--- MATERIAL FOR THE TASK ---

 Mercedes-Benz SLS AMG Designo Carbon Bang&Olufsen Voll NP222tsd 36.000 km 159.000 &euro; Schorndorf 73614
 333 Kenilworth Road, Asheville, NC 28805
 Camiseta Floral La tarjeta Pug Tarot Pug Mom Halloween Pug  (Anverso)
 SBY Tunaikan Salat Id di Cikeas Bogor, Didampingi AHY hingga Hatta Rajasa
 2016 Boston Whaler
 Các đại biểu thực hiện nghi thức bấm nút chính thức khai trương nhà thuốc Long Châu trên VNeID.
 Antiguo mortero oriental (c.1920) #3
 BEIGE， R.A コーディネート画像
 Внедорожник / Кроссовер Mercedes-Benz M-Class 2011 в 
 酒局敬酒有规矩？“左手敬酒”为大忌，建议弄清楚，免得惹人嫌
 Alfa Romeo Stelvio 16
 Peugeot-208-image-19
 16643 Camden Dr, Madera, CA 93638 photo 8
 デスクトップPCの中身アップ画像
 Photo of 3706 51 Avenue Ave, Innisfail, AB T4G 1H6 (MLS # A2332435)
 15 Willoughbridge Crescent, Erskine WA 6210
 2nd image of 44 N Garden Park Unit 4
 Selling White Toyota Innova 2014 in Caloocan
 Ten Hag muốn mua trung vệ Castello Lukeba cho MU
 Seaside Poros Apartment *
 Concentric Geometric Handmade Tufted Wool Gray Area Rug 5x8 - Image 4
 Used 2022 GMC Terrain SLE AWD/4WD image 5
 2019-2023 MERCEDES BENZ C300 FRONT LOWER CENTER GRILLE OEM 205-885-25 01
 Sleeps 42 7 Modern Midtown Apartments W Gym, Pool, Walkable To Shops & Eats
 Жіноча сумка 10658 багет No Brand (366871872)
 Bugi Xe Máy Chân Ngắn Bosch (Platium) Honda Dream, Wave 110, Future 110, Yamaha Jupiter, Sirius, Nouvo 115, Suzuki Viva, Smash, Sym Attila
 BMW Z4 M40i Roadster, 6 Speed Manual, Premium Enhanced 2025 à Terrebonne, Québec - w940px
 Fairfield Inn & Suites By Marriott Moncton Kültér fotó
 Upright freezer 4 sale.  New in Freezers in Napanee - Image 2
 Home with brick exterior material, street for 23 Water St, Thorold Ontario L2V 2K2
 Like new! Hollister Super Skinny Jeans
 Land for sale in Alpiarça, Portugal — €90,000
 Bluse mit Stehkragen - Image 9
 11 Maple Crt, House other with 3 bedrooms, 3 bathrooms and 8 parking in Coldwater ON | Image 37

---

## REQUIRED ACTION
Beginning at the line above that contains "Peugeot-208-image-19", return each line exactly through the line that contains "2019-2023 MERCEDES BENZ", and no others.

## ANSWER FOR THIS EXERCISE
 Peugeot-208-image-19
 16643 Camden Dr, Madera, CA 93638 photo 8
 デスクトップPCの中身アップ画像
 Photo of 3706 51 Avenue Ave, Innisfail, AB T4G 1H6 (MLS # A2332435)
 15 Willoughbridge Crescent, Erskine WA 6210
 2nd image of 44 N Garden Park Unit 4
 Selling White Toyota Innova 2014 in Caloocan
 Ten Hag muốn mua trung vệ Castello Lukeba cho MU
 Seaside Poros Apartment *
 Concentric Geometric Handmade Tufted Wool Gray Area Rug 5x8 - Image 4
 Used 2022 GMC Terrain SLE AWD/4WD image 5
 2019-2023 MERCEDES BENZ C300 FRONT LOWER CENTER GRILLE OEM 205-885-25 01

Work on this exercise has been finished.